CHANGES by the state government to the way it maps protected plants has once again fuelled anger from landowners who say the maps are inaccurate and of no use to anyone, showing protected plant species in the most unlikely places including Suncorp Stadium.
Concerns about errors in the mapping process had been raised as early as last February when Boonah landholder Bruce Wagner pointed out some blatant mistakes on the vegetation map of his own property.
Scenic Rim LNP MP Jon Krause said the new Trigger, or 'Blue Dot' maps were farcical.
"This process highlights the complete lack of respect by the Labor government for our farmers who are generally terrific custodians of our land," he said.
"It is a farce that these maps, apparently intended for a nature conservation purpose, indicate that there are endangered species at places like Suncorp Stadium in Brisbane.

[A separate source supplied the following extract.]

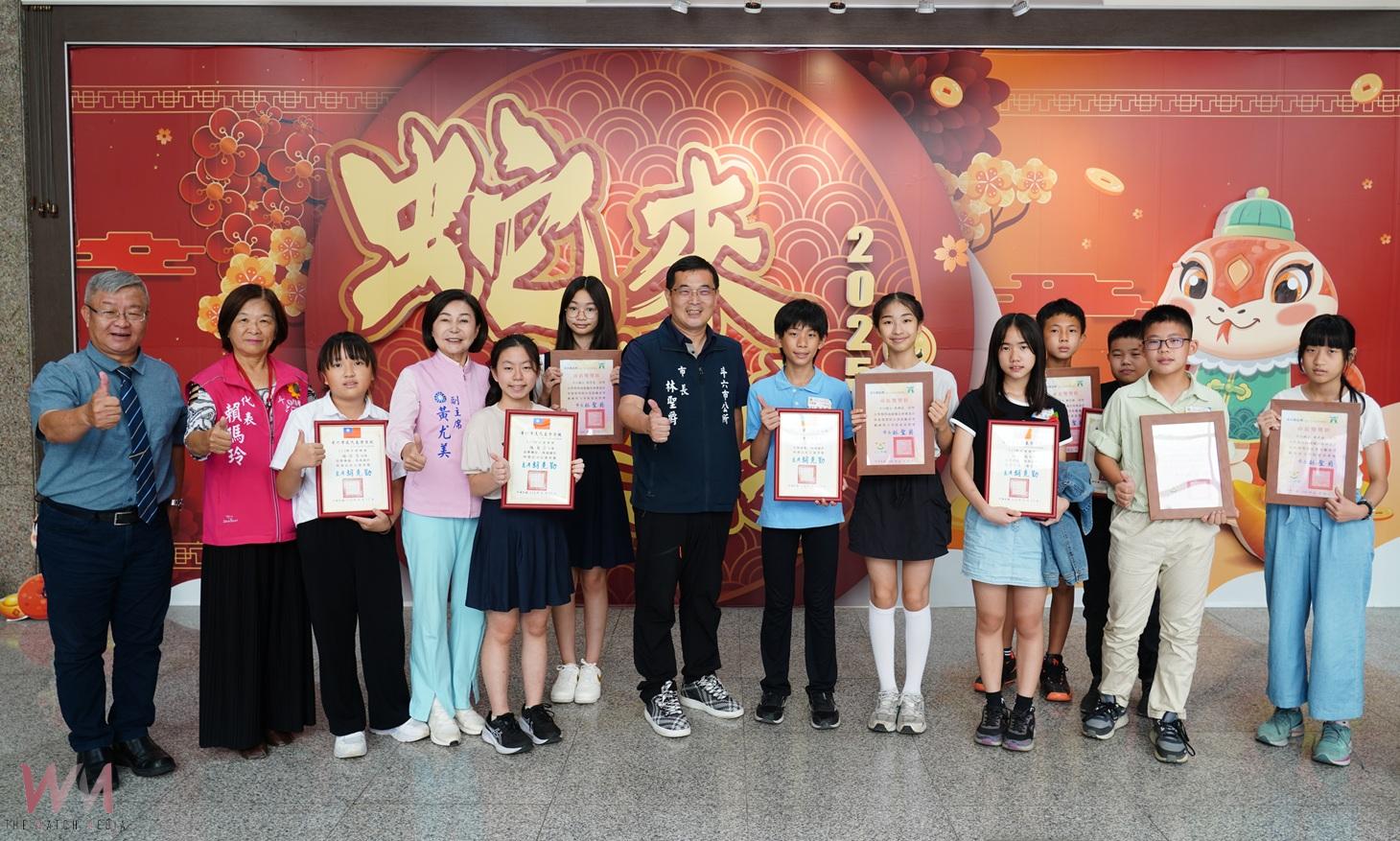 斗六108位小學畢業生獲獎　市長林聖爵勉勵勇敢追夢 - https://www.watchmedia01.com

"But that's just one example of the mistakes - I'd go so far as to call it a monumental stuff-up by government - in the entire process."
An Environment and Science Department spokesman said the protected plants flora survey trigger map was generated using the current native plant species records and information about suitable habitat for endangered plants.
"DES is currently reviewing the protected plants flora survey trigger map and a new version of the map will be released shortly," he said.
"This is part of a regular review process which has been ongoing since 2014. The portion of Queensland mapped as a high-risk area on the trigger map has remained at less than four per cent of the state since trigger maps were introduced by the previous government."
The spokesperson said each revision of the trigger map helped improve its accuracy.
"Sites such as Suncorp Stadium, The Gabba and the Brisbane Convention Centre, and other areas, where there are clearly no protected plants present, will be removed from the updated trigger map," he said.
Mr Krause said Scenic Rim landholders should not have to pay for the mistakes.
"...The government has required landholders to pay thousands of dollars to obtain expert reports to have these mistakes, made by government, corrected," he said.
"That is an appalling abuse of power.
"When the government gets things wrong, the government should pay to fix it - not farmers.
"The fact that the government can quickly change the maps to fix these embarrassing mistakes, pointed out by farmers, also shows that this process is all about politics, not good policy."
The DES said landholders could apply to have a high risk area removed from the map.
"There is no fee payable to the department for submitting that request," the spokesperson said.
"However, a suitably qualified person, for example an ecologist or botanist, must have undertaken a flora survey and certified that they have found no endangered, vulnerable or near threatened plants in the area, or within 100 metres of the area, using the flora survey guideline."